DuPont’s scientific innovations have changed the world we live in, but the company’s reach extends even beyond the far edges of the Earth.
“I believe we couldn’t have gone to the moon without DuPont materials,” said DuPont Protection Technologies Fellow Warren Knoff. “At the time, DuPont was the only company with the advanced products available to meet NASA’s needs. We have continued to provide many of those products, and new ones as well, since then. Safety in space has always been a top priority, and I believe that’s where we have made our biggest impact.”
For the Apollo 11 mission to the moon in 1969, 20 of the 21 layers in each space suit were made with DuPont inventions, including DuPont™ Nomex® fiber, Teflon® fluoropolymer, Kapton® polyimide film, Mylar® polyester film, Lycra® spandex, neoprene and nylon. The first U.S. flag on the moon also was made of nylon.
Today’s astronauts wear suits made with DuPont™ Nomex® and DuPont™ Kevlar® fibers. Here on Earth, Nomex® is also used to protect garments for firefighters and first responders, and Kevlar® is the leading brand in ballistic protection for law enforcement and the military.

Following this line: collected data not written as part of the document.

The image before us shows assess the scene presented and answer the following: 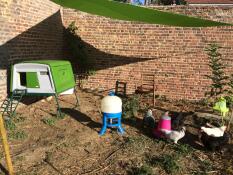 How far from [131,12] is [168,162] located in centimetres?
283

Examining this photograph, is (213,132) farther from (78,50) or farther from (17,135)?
(78,50)

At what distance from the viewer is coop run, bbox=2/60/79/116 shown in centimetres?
713

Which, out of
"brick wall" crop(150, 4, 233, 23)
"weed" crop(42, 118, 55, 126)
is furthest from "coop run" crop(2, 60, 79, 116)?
"brick wall" crop(150, 4, 233, 23)

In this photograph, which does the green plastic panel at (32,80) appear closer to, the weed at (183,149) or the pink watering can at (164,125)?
the pink watering can at (164,125)

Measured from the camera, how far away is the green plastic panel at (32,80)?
23.7 feet

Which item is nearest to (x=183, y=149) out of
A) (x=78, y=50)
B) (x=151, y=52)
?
(x=151, y=52)

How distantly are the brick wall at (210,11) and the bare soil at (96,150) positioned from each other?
134 inches

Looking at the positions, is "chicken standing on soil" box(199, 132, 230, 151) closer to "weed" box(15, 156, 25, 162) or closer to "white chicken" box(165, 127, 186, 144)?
"white chicken" box(165, 127, 186, 144)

These products are part of the “Suited for Space” exhibition from the Smithsonian Institution Traveling Exhibition (SITES) and the Smithsonian’s National Air and Space Museum, which explores the evolution of spacesuit development from the first quarter of the 20th century until the dawn of the shuttle era. DuPont supports the exhibit, which premiered at the Museum of Science and Industry in Chicago in April 2011 and continues a national tour through 2015.